Zum Inhalt der Seite

Der fremde Freund

von

.
.
.
.
.
.
.
.
.
.

Seite 1 / 1   Schriftgröße:   [xx]   [xx]   [xx]

Milly Ashford, Part I

Die Inszenierung beginnt mit Musik.
 

Es ist eine Sinfonie aus metallischen Klängen, misstönend und schrill, tödlich und dem Tode geweiht. Schwert und Revolver, im Kampfe vereint. Der Revolver liegt schwach in der Hand des Tyrannen und verweht schon bald mit einem kläglichen Schrei im Wind. Mit dem Revolver verklingt auch die Sinfonie, doch die Stille währt nicht lang.
 

Der Tyrann weicht einen Schritt zurück. Eine neue Melodie ertönt, die tödliche Melodie eines Schwertes, das in dunkler Bestimmung die Luft durchbohrt. Das Schwert senkt sich über den Tyrannen. Der Tyrann lächelt.
 

---
 

Lelouch vi Britannia, der vermeintlich tote Thronfolger des Heiligen Britannischen Reichs, ächzte unter dem Gewicht ihrer Einkaufstüten. Milly wusste, dass sie vielleicht etwas Mitleid für ihn aufbringen sollte, aber dafür war sie viel zu amüsiert. Ich sollte ihn öfter dazu verdonnern, mich beim Einkaufen zu begleiten, dachte sie. Dann habe ich was zu lachen und er bekommt das Training, das er so bitter nötig hat. Eine eindeutige Win-Win-Situation!

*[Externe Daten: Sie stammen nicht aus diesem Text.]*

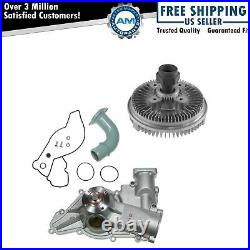 Radiator Cooling Fan Clutch & Water Pump Kit for Ford 7.3L Turbo Diesel New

Bei jedem anderen Jungen hätte sie vermutet, dass dieser seine Erschöpfung nur vortäuschte, um auf diese Weise sein Missfallen kundzutun, aber bei Lelouch war es anders. Lelouch würde sich niemals absichtlich eine Schwäche anmerken lassen, eher im Gegenteil – Lelouch bemühte sich in Gegenwart anderer immer, möglichst selbstsicher und besonnen aufzutreten. Und weil er schon von Natur aus eine unvergleichliche Würde und Arroganz ausstrahlte, war es umso amüsanter, ihn in diesem Zustand zu sehen.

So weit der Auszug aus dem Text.